We’re not Miami or New Orleans, so we don’t have to worry, right? While we do not have the frequency of hurricane threats that southern states do, we absolutely need to watch every storm carefully.

The 2021 hurricane season not only washed out our summer but also became deadly, even though we had no direct hits. The state was brushed with four “remnant” storms. In July, Tropical Storm Elsa brought heavy rain and flash flood warnings along with strong wind gusts for parts of the state. August brought Fred, which was a remnant system but still brought heavy rain and even produced a morning tornado in the town of Thompson. Just days after Fred, Henri set its sights on the northeast. While the state dodged a direct hit as Henri made landfall in Rhode Island, we still saw several (more) inches of rain and gusty winds.

The 2021 season was not done with us yet. Hurricane Ida was a catastrophic Category 4 hurricane that made landfall in Louisiana. Its remnants caused destruction with severe flash flooding as it traveled north and east toward Connecticut. By the time its leftovers arrived in Connecticut in early September, rivers and streams were already running high from the previous storms and the ground was saturated.

The water had nowhere to go. The result? A flash flood emergency. This was the first time this type of emergency was issued for parts of the state by the National Weather Service. Ida’s flood emergency turned deadly after a Connecticut state trooper’s cruiser was swept away by the raging water in Woodbury. His body was found hours later.

All of the damage and even death from the onslaught of tropical systems were caused by storms that did not make a direct hit in Connecticut. The lesson we should learn: we need to pay close attention to weather patterns during hurricane season. Last year, a strong (and persistent) Bermuda high-pressure system sat off of the East Coast and funneled the remnants of storms toward the Northeast. Despite the damage we experienced, it could have been much worse if these systems had not weakened over land before making it to the state.
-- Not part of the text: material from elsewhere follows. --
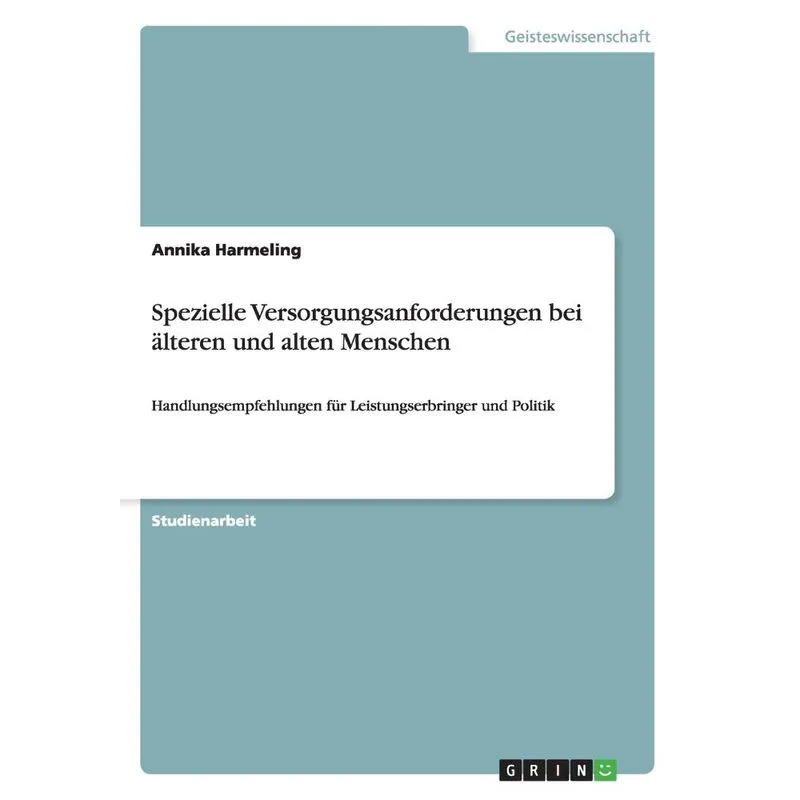 Spezielle Versorgungsanforderungen bei älteren und alten Me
One thing we also experienced last summer was a social media backlash to local meteorologists when the forecast changed track or intensity. Local “mets” were called names and some were chastised for over-warning. even when the forecast was verified. Tropical systems are fickle. The track and intensity vary considerably based on atmospheric conditions behind and ahead of the storms. Small nuances can mean big changes.

As a meteorologist who has been forecasting for more than 20 years, I have just one piece of advice going into the upcoming season (and I reiterate this with snow forecasts, too.) Know your source! There are many people with social media accounts who have thousands of followers, but have no meteorological training. Besides finding good sources to follow, we ask that followers realize that while severe weather may have skipped your town, another family may be cleaning up from damage or worse, dealing with loss of life or injuries to a friend or a family member.
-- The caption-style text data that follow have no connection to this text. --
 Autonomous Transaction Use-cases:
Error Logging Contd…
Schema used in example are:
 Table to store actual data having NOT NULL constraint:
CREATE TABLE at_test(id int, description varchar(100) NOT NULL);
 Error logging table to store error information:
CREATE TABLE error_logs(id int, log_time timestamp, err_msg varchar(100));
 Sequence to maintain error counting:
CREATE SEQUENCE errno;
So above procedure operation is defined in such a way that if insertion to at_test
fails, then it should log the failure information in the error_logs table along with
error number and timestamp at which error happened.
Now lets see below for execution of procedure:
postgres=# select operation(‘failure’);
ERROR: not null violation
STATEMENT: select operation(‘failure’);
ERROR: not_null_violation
Just as meteorology is not an exact science, emergency messages via social media are still evolving. Social media algorithms can delay messages, severe weather can be (and often is) hyper-local and emergency messages are not one-size-fits-all. We try our best to keep people safe. My motto is to “prepare, not scare.” We get the information out for maximum preparation with the hope that people are not caught off-guard by a storm.
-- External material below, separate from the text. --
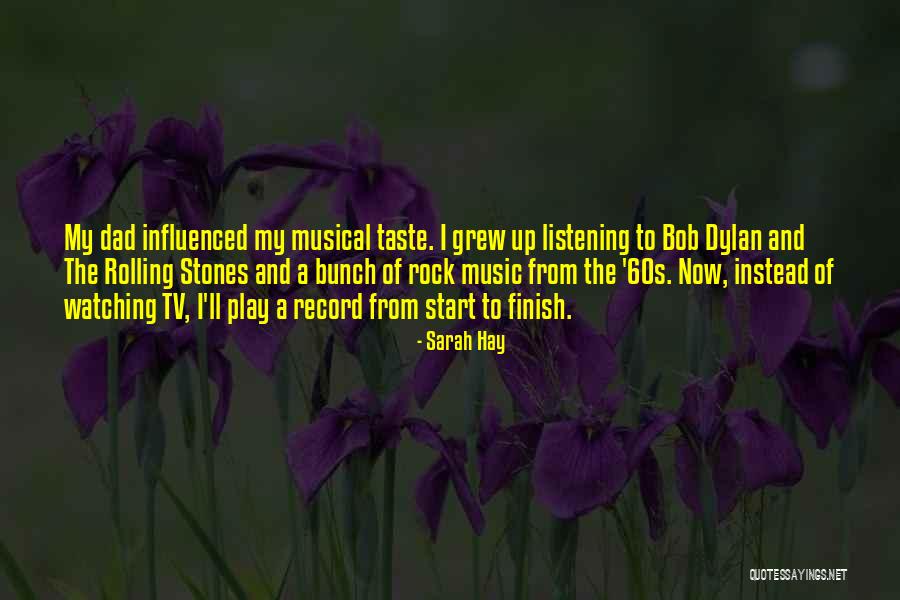 Bob Dylan Music Quotes By Sarah Hay Bob Dylan Music Quotes By Sarah Hay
The experts at the National Oceanic and Atmospheric Administration (NOAA) expect another active season. The current forecast calls for 14 to 21 named storms, with six to 10 of those storms to form into hurricanes, and three to six to form into major hurricanes (hurricanes of Category 3 or higher, with winds over 111 mph).

Of course, many of these expected storms may stay out to sea. However, as we experienced last summer, we don’t need a direct hit for damage or life-threatening conditions.

It only takes one storm.

Darren Sweeney is an associate professor in the Department of Journalism at Central Connecticut State University and a meteorologist and reporter at NBC Connecticut.